If the biggest online technology companies like Microsoft, Google and Yahoo have all themselves acknowledged or apologized in the past for serving malware to consumers via their own advertising code, what about the hundreds of other companies with far fewer resources that are right now executing bits of code and scripts on the thousands of websites you visit?
Reuters' site was compromised by the Syrian Electronic Army to post a political message. They did so by hacking the software of an ad-network, Taboola. They also claimed to have gained access to Taboola's Paypal account and to prove it posted a screenshot of a $600k+ balance.According to the article, Taboola works with sites:
"including Time.com, USA Today, the New York Times, BBC, TMZ, The Hollywood Reporter, Politico.com, Examiner and others. Taboola acknowledged being the source of the compromise and said that SEA hacked one of its widgets used on Reuters.com."
When I used to run an adtech vendor we could see ad tracking, retargeting or analytics pixels sitting on website pages for years after all business relationships between the vendor and the advertiser had ceased. Unless something breaks the page and causes it to stop loading, the hassle-factor and inertia outweigh good security policy, stop it from being changed or removed, and little bits of seemingly benign code persist over time on tens of thousands of websites.
Who is the Weakest Link?
Reuters may have opened itself up to vulnerability by having over 40 advertising and analytics vendors whose code was tracked as coming from its pages.

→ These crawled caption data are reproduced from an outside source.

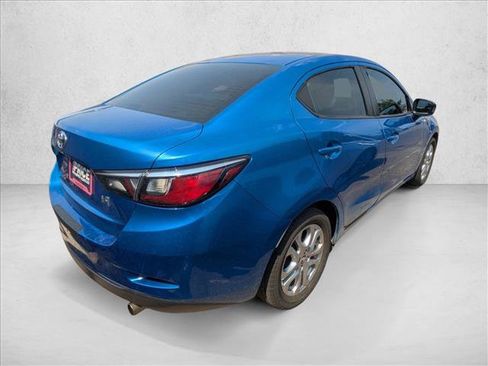 Used 2018 Toyota Yaris iA FWD image 4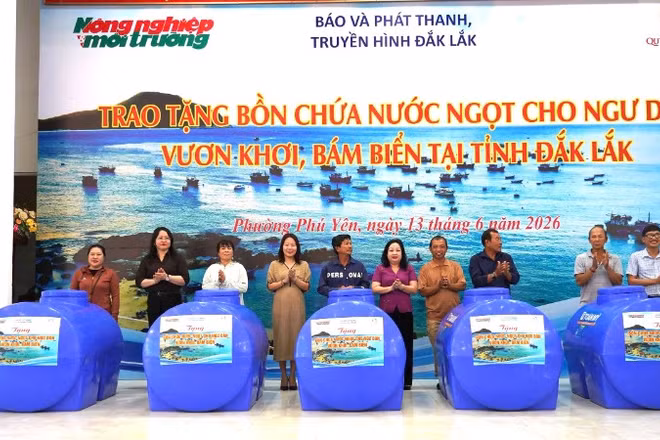Phó Bí thư Thường trực Tỉnh ủy, Chủ tịch Hội đồng nhân dân tỉnh Đắk Lắk Cao Thị Hòa An và lãnh đạo Báo và Phát thanh, Truyền hình Đắk Lắk, Báo Nông nghiệp và Môi trường, đại diện Tập đoàn Vingroup trao tặng bồn chứa nước ngọt cho các ngư dân.
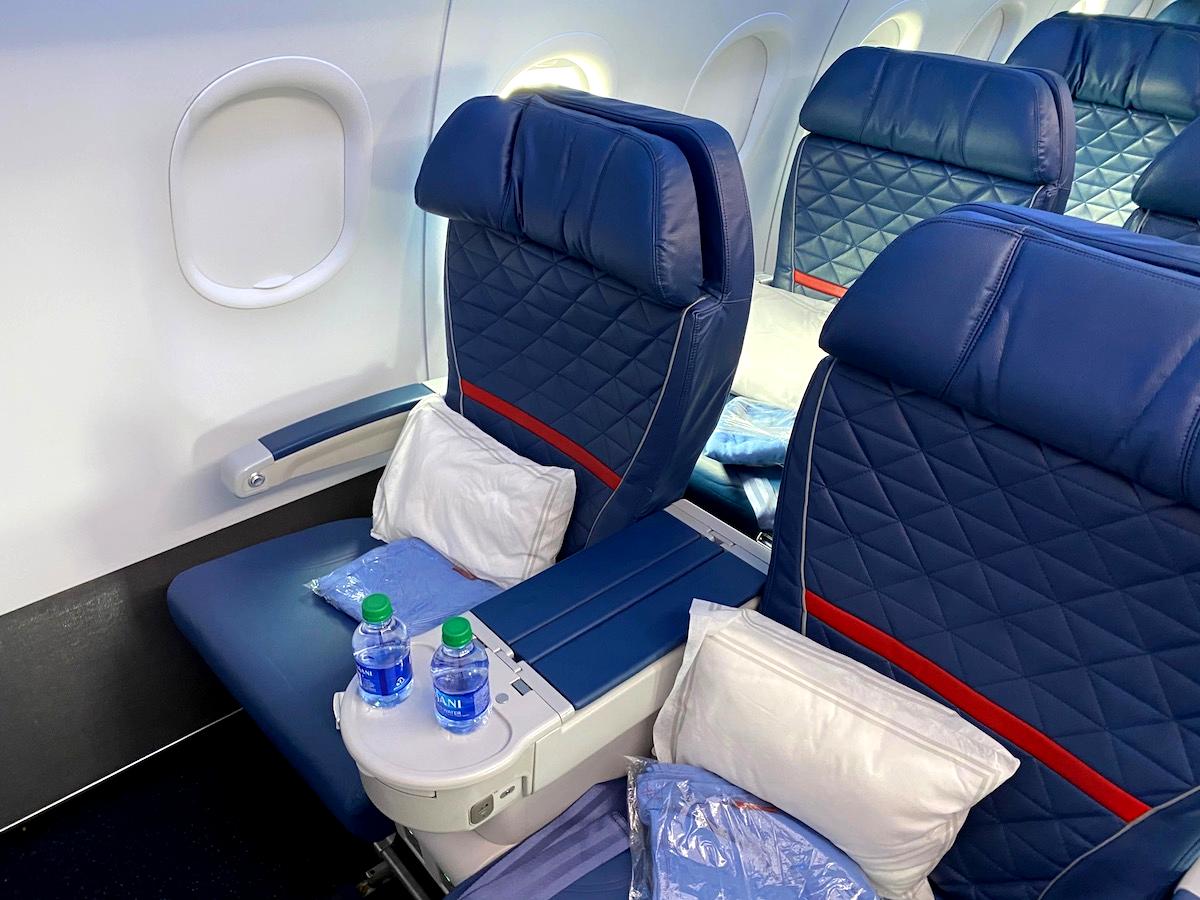 Review: Delta Air Lines A320 First Class - One Mile at a Time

These technologies may also slow down the website. On a recent visit to Reuters.com, even after the compromise had happened and Taboola's code disabled (6/23/2014) my visit started at 12:41:39 PM, it loaded over 100 different http requests, and the page took about 34 seconds to finish loading. As we have all probably experienced, any one of these could potentially "hang" the page leaving us frustrated with a partially-blank screen. Some of these bits of code are from data companies like Bizo or Exelate, that resell access to behavioral data they gather to advertisers that may change what ads you see on other sites. Many of them pay the publisher (like Reuters) a monthly fixed or variable fee (or sometimes a revenue share) based on the volume of users their code is able to "see". Reuters may not have direct relationships with all of these companies since many ad or data companies often "piggyback" in turn yet more code or scripts to help their advertisers or agencies identify users, or track impressions or clicks on their advertisements.
Typically ad-supported websites like newspapers trying to eke out a profitable digital existence have more than their share of these vendor scripts running on their sites, which when combined with large numbers of people visiting their sites on daily basis, only serves to magnify the attractiveness of their known or unknown script-slinging ad tech partners as targets.
Publishers can't shift all responsibility to networks and tech vendors, however. In 2009, the New York Times succumbed to malicious ads, not from a third-party network, after the ads (and an unknown 'ad serving technology vendor') was "approved by the site's advertising operations team".
As consumers we need to ask the companies whose sites we are visiting who they are working with, and be really clear what steps they are taking to prevent themselves being the weakest security link in what is an already weak website technology chain.